For all the discomfort, exhaustion and dread they entailed, the thing that really stood out about these trips was how random they were, how reliably weird. I’d find myself standing in a gas station lot, munching a Hot Pocket in the shadow of the Rockies, or browsing a boondock variety store that sold nothing but Fritos, fridge magnets and bargain brand cigarettes. Then I’d be back in the truck, performing a screeching sing-along because, after 650 miles of religious instruction, the music stations had finally kicked in.
At the end of the day, I always made a point of finding a bar, eager for a bit of good-natured banter with the locals. These weren’t the kinds of places you’d find in the guidebooks. Some of them were quite scary, particularly during my spiky-haired Flock of Seagulls phase. I remember walking into a joint in Montana and the conversation stopping dead. Had there been a piano player, he’d have stopped too. There wasn’t much in the way of banter that night, but there wasn’t much in the way of bodily harm, either, which was a plus.
One of my most enduring memories from this time is stopping off at a South Dakota casino that had a name like Grim Horizons and whose skewed, cinema-style marquee promised a “Free Drink When You Cash Your Paycheck Here!” I didn’t have a paycheck to cash, but I was able to take advantage of the casino’s innovative Wallet Depleter® program. Later, over one-dollar Buds at a local bar, I grumbled about my bad luck to a man with a large mustache. Looking back at it now, I’m pretty sure he wasn’t listening.

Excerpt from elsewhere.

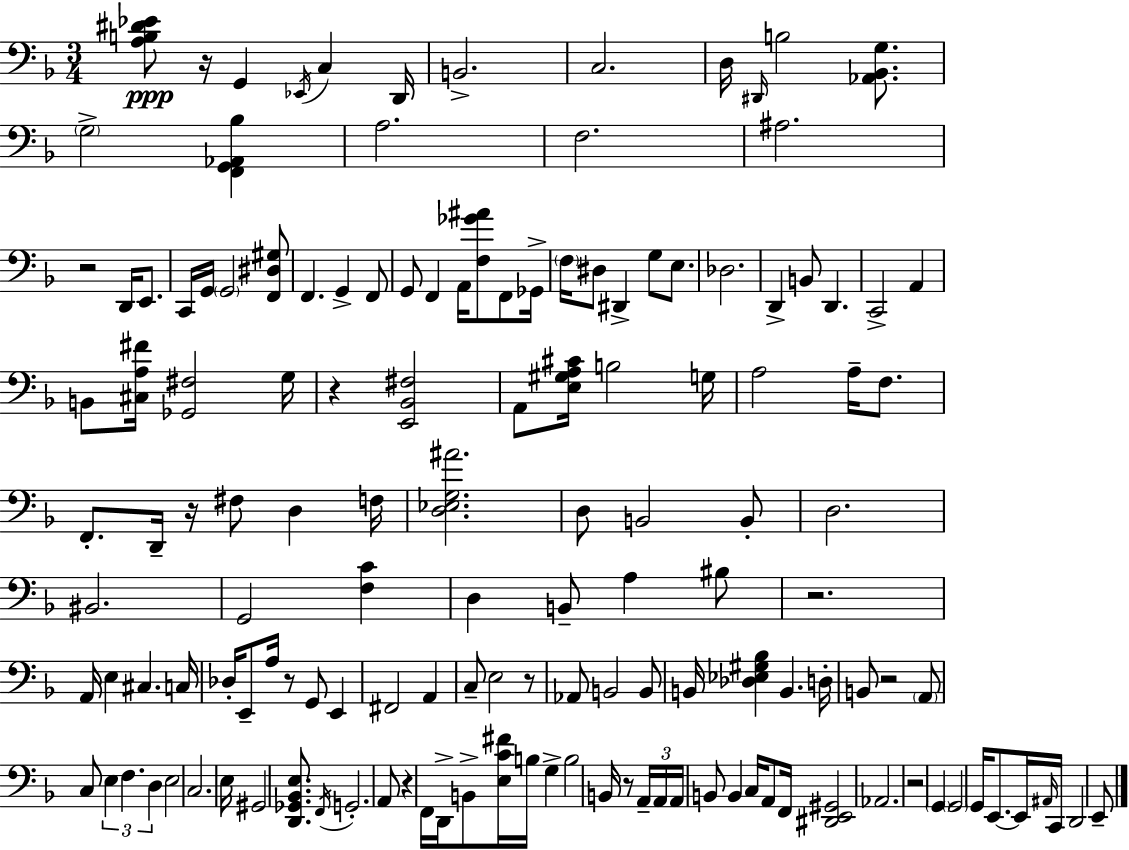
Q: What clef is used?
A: bass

As unpleasant as all this sounds, these trips still rank as some of the most memorable and enjoyable I have ever taken. The reason for this, I think, boils down to the fact that, under normal circumstances, I would never have chosen to do and see these things. There was no wish list, no itinerary—just me, a place to be and a big bunch of uncertainties along the way. That’s the spirit of the American cross-country trip, isn’t it, possibly the purest expression of the atavistic urge to keep moving. And if I was tapping into something primitive here, the effect was heightened by my Neolithic lodgings.
Of course, it didn’t hurt that these journeys weren’t costing me anything. Had I spent $2,500 on a sightseeing tour of the Midwest, my enthusiasm might have waned. As it stood, I was getting paid to drive past the Idaho Potato Museum en route to the Shoddy Drape Motel. That took the pressure off. I was free to be as interested in the awful and the mundane as I was the beautiful.
But then, there was an abundance of profound beauty on these trips: canyons, salt flats, mountain ranges, red deserts, old-growth forests, jagged waterfronts, beaming skylines—a bewildering variety of landscapes whose splendor was intensified by the fact that I was going through them rather than to them. It’s the difference between seeing a giraffe in a zoo and seeing one strolling around in the wild. With serendipity comes an entirely different category of thrill.
The last long-haul moving job I ever did was to San Francisco. It was in a rental this time rather than the Merc, meaning I’d be flying home rather than driving, which was a relief. I wasn’t due to head out until the following day, so, with the work done and the truck dropped off, I took a cab to a park overlooking the Golden Gate Bridge. I sat there long enough to watch the sun go down and the mist roll in, then went off to find an affordable hotel. It was, as I recall, one of the most wonderfully horrible I’d stayed in yet.